UPDATE: It appears we are more worried about North Korea lashing out in fear than in putting a lot of pressure on North Korea:
The United States, its allies and China are working together on a range of responses to North Korea's latest failed ballistic missile test, U.S. President Donald Trump's national security adviser said on Sunday, citing what he called an international consensus to act.
H.R. McMaster indicated that Trump was not considering military action for now.
I suppose if Trump is planning to lead a US-South Korea-Japan strike, that's the message he'd want out there, of course.
UPDATE: In light of the failure of the North Korean missile test and the lack of a nuclear test, the crisis seems to be abating.
Chinese pressure was likely the factor for the latter (assuming the test is postponed for other than technical reasons).
But given the expectations for a strike that were building up should the North Koreans have done something this weekend, the failure of the missile test was convenient for the Trump administration, no?
One Trump administration official declined to comment on a question of whether we had something to do with the missile failure. So did we do something? Was there an airborne (or maybe sub-carried if it surfaced) laser (or AESA-type beam) that could have struck the missile on launch without being detected?
Sure, there is some speculation out there that it might have been cyber interference, but if we did something I'm going to guess cyber is just the trendy plausible explanation put out to keep the real cause secret.
I did sketch out a layered anti-missile defense (that has only gotten better since that 2008 post) that included boost-phase counter-measures. Did we use one of those?
Putting pressure on North Korea would be served if they thought we were willing to strike if they did something and only the fact that they didn't do something (a successful missile test or a nuke test) held us off.

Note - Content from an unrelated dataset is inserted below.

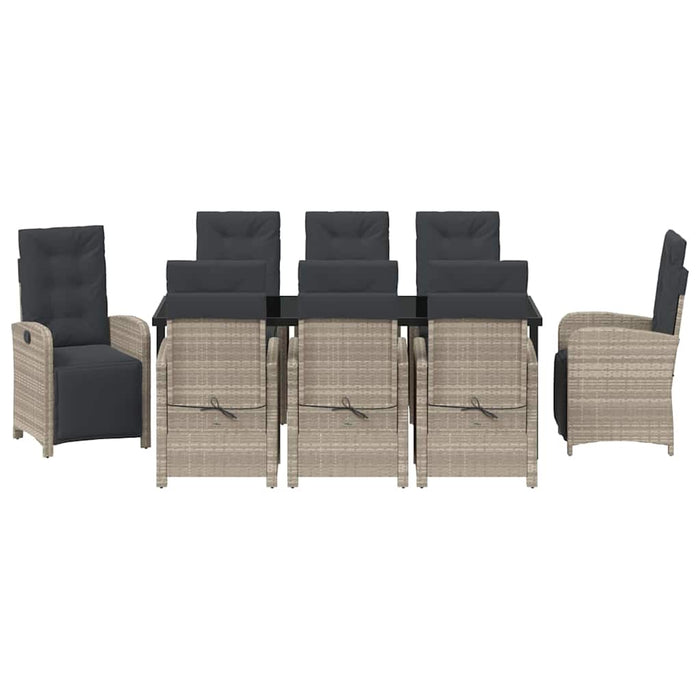 Set de masă pentru grădină cu pernă 9 pcs Gri deschis poliratan - WALTI WALTI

Sheer, wild-eyed, no-evidence speculation on my part, of course. I don't even think I believe we could pull something like this off. But I do have a good imagination.
UPDATE: US-ROK air exercises (regularly scheduled Max Thnder) will continue for the balance of this month.
UPDATE: Completely unrelated news:
The directed energy weapon is “rapidly moving” from the conceptual to the practical, he said in late March. [Air Force LTG Brad] Webb recently visited MIT Lincoln Labs to view its advancements, and saw Naval Sea Systems Command Dahlgren’s latest efforts to network all of the various components within the aircraft.
He was impressed by the improvements that had been made.
Could we have an early version of the airborne laser that we were willing to use on the North Koreans?
Probably not. The simplest explanation for the North Korean missile test failure is that the technology is not developed yet.
And it doesn't hurt to make enemies wonder, I suppose.